Foto do livro Drácula

“Enquanto íamos para casa, relatei os acontecimentos recentes e como meu próprio diário foi útil, por sugestão da Sra. Harker. Nesse ponto o professor me interrompeu:

 

– Ah, extraordinária madame Mina! Tem cérebro de homem, prodigioso, aliado a coração de mulher. O bom Deus cria alguém assim com propósito especial, acredita brindar com essa rica combinação. Amigo John, temos sorte de contar com ajuda dela até agora, mas a partir de hoje, não deve mais se envolver nessa história pavorosa. Não podemos permitir tamanho risco. Nós, homens, estamos determinados, ou melhor, comprometidos a destruir o monstro. Mas isso não é tarefa de mulher. Mesmo que nada aconteça, o coração pode não suportar tanto horror e ela sofre depois, tanto na vigília, com nervos, quanto no sonho, com pesadelo. Além do mais, é jovem recém-casada e tem outras coisas para fazer. Diz que ela faz transcrições e por isso, está com a gente mais tarde. Mas, amanhã, diz adeus a esse trabalho e seguimos sozinhos.”

STOKER, Bram. Drácula. p. 275.

 

Só de ler o título, nós leitores do século XXI, já sabemos qual o final da história. Não é spoiler nenhum contar que no final o rei dos vampiros será finalmente morto com uma estaca cravada em seu coração, depois de ter feito muita gente comer o pão que o diabo amaçou, sem nem mesmo entender por que estavam metidos naquela desgraceira toda.

Então como Drácula prende a atenção do leitor? Bram Stoker cumpriu belamente essa missão contando a história por meio de diários, cartas, notícias de jornal com muitos narradores diferentes e todos sem saber o que ocorreria no futuro. O leitor acompanha dia após dia os personagens vivendo suas vidas sem a menor pista do que será o dia de amanhã. É lindo de ser lido.

Um jovem advogado viaja para a Transilvânia, na Romênia, para vender uma mansão londrina a um conde que é o ricaço de sua região. Ok! Tarefa aparentemente simples, certo? Errado!

Capa de O Castelo

O início do livro quando Jonathan Harker chega à Romênia se parece com o livro O Castelo, de Franz Kafka.

Todas as pessoas são esquisitas e agem de maneira aparentemente enlouquecida. Em Drácula, os habitantes da Transilvânia, em especial os que trabalham na estalagem em que Jonathan se hospeda, começam a ter atitudes esquisitíssimas ao serem informados do objetivo do advogado inglês naquelas cercanias. Pessoas imploram para que ele não vá ao castelo, outros o presenteiam com crucifixo, alho e outros badulaques, que dificilmente seriam vendidos em lojas de presentes. Depois o cocheiro parece não querer levá-lo a seu destino apesar de ser pago para isso e os outros passageiros também ficam muito desconfortáveis ao saber o destino final do nosso personagem.

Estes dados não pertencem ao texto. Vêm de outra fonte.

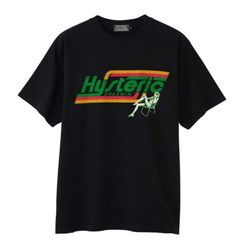 HYSTERIC DREAMIN Tシャツ / ブラック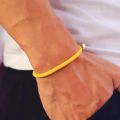 Minimalist Milan Rope Bracelet Homme Women Adjustable Black Red Thread Braslet Friendship Brazalete Gift For Lovers Pulseras. 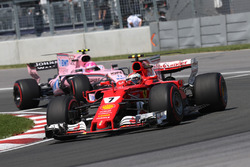 Kimi Raikkonen, Ferrari SF70H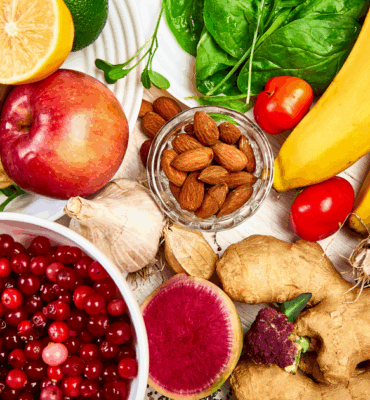 Top Energy Boosting Foods for Elderly Adults 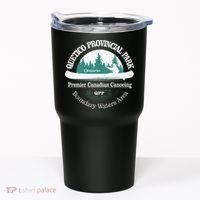 Quetico Provincial Park Ontario Canoe Camping Tumbler thumb 0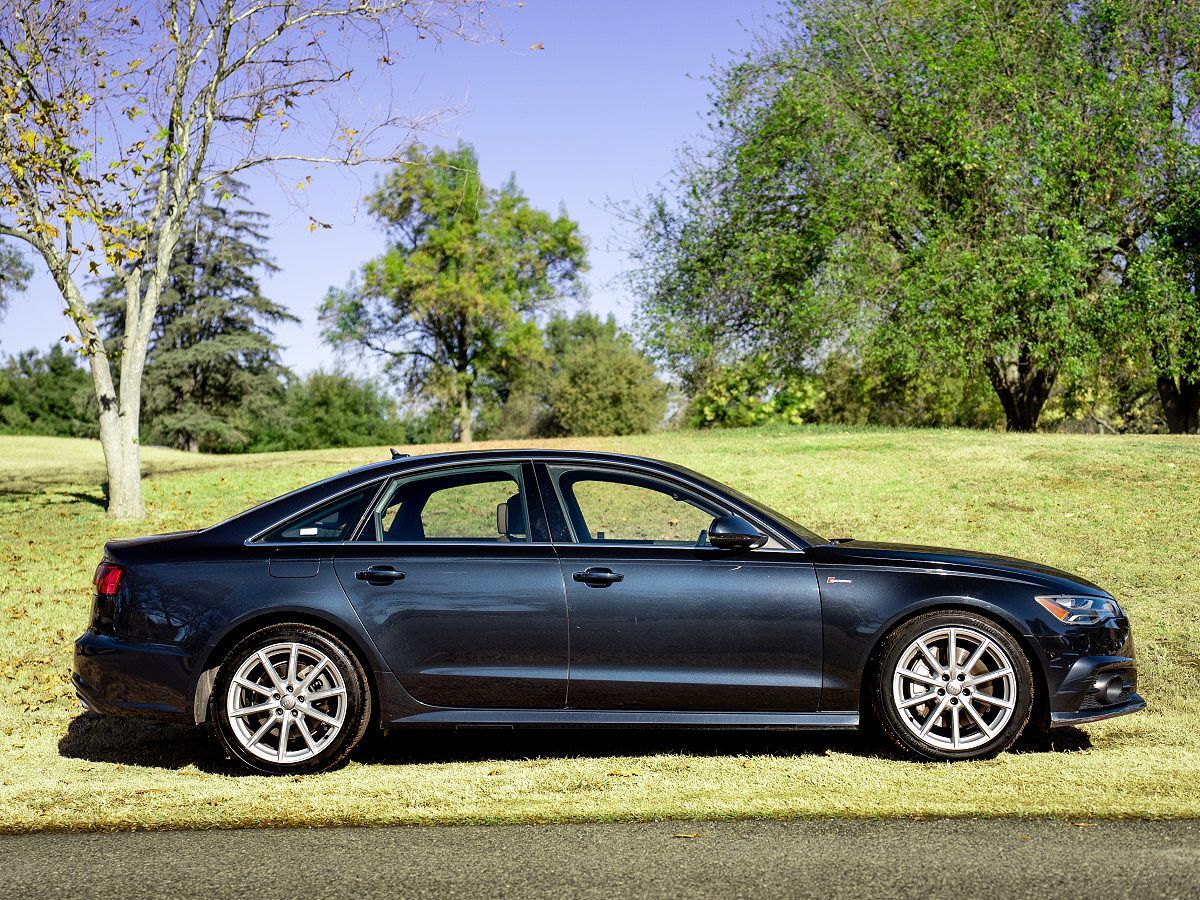 2018 Audi A6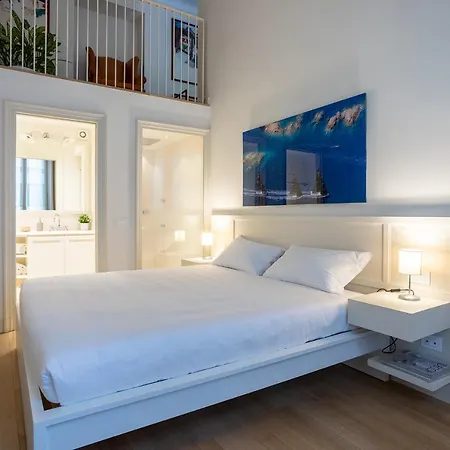 Brera-montenapoleone-duomo Loft Lusso E Giardino * Milan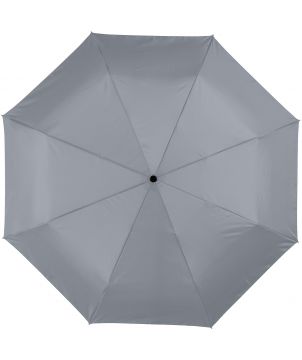 Parapluie pliable personnalisé automatique Alex 21,5 pouces Parapluies publicitaire
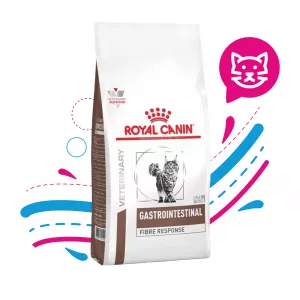 ROYAL CAT FIBRE RESPONSE X 2 KG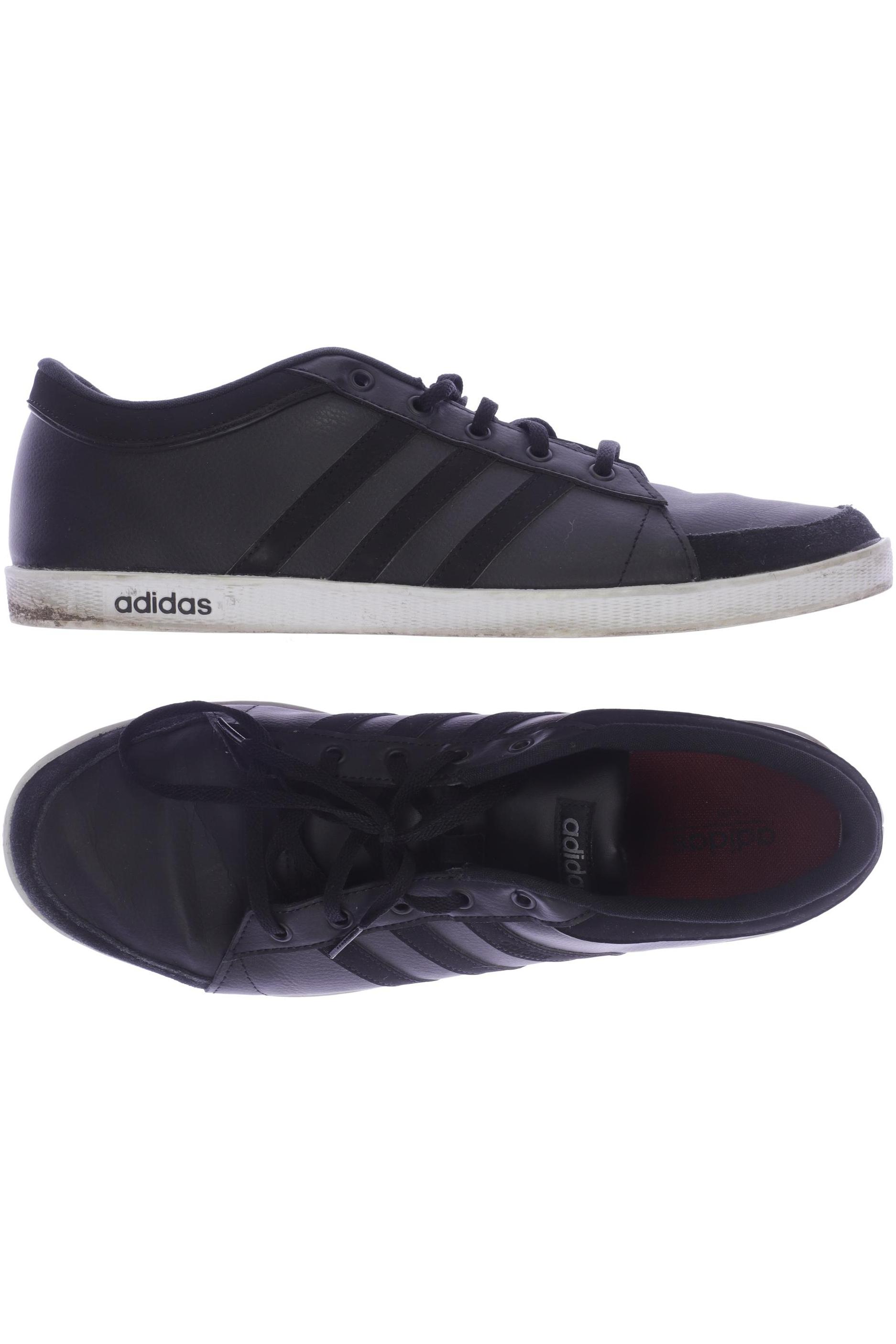 

adidas NEO Herren Sneakers, schwarz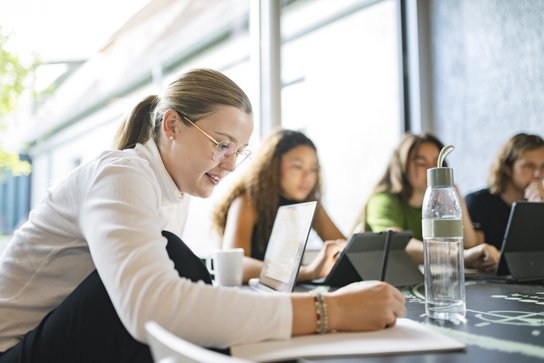 Designing and Managing Sustainable Change Photo: Ilja Mess | ZU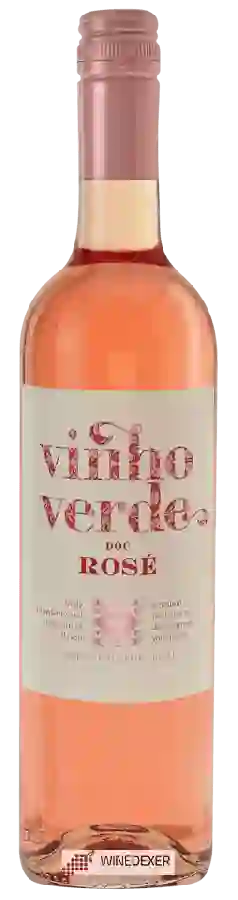 Winery Quinta da Lixa - Vinho Verde Rosé Winery Quinta da Lixa - Vinho Verde Rosé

Em O Castelo, o personagem principal chamado simplesmente de K., é um agrimensor contratado para trabalhar em um castelo para o conde local.

Quisera o Sr. Harker ter a mesma sorte de K.

Para variar, Kafka escreve uma história louca, e nessa trama K. não consegue chegar ao castelo porque as pessoas que vivem na cidade meio que impedem que isso aconteça das mais variadas formas.

Confesso que O Castelo foi um livro difícil de ler. A primeira vez que tive contato com a obra foi em 2010, quando o amigo Victor me emprestou seu exemplar, li uma parte e devolvi sem terminar. Retomei alguns anos depois, li mais um tanto e larguei de novo.  Mais um par de anos e tornei a dar uma chance a O Castelo e finalmente ele acabou. É verdade que demorei muito menos para ler Anna Kariênina (Liev Tolstoi), que deve ter o triplo do tamanho. Talvez eu e K. tenhamos levado o mesmo tempo para concluir nossas missões. Brincadeira! Não vou contar se ele chega ou não ao castelo. No fim das contas a leitura de O Castelo foi bem satisfatória.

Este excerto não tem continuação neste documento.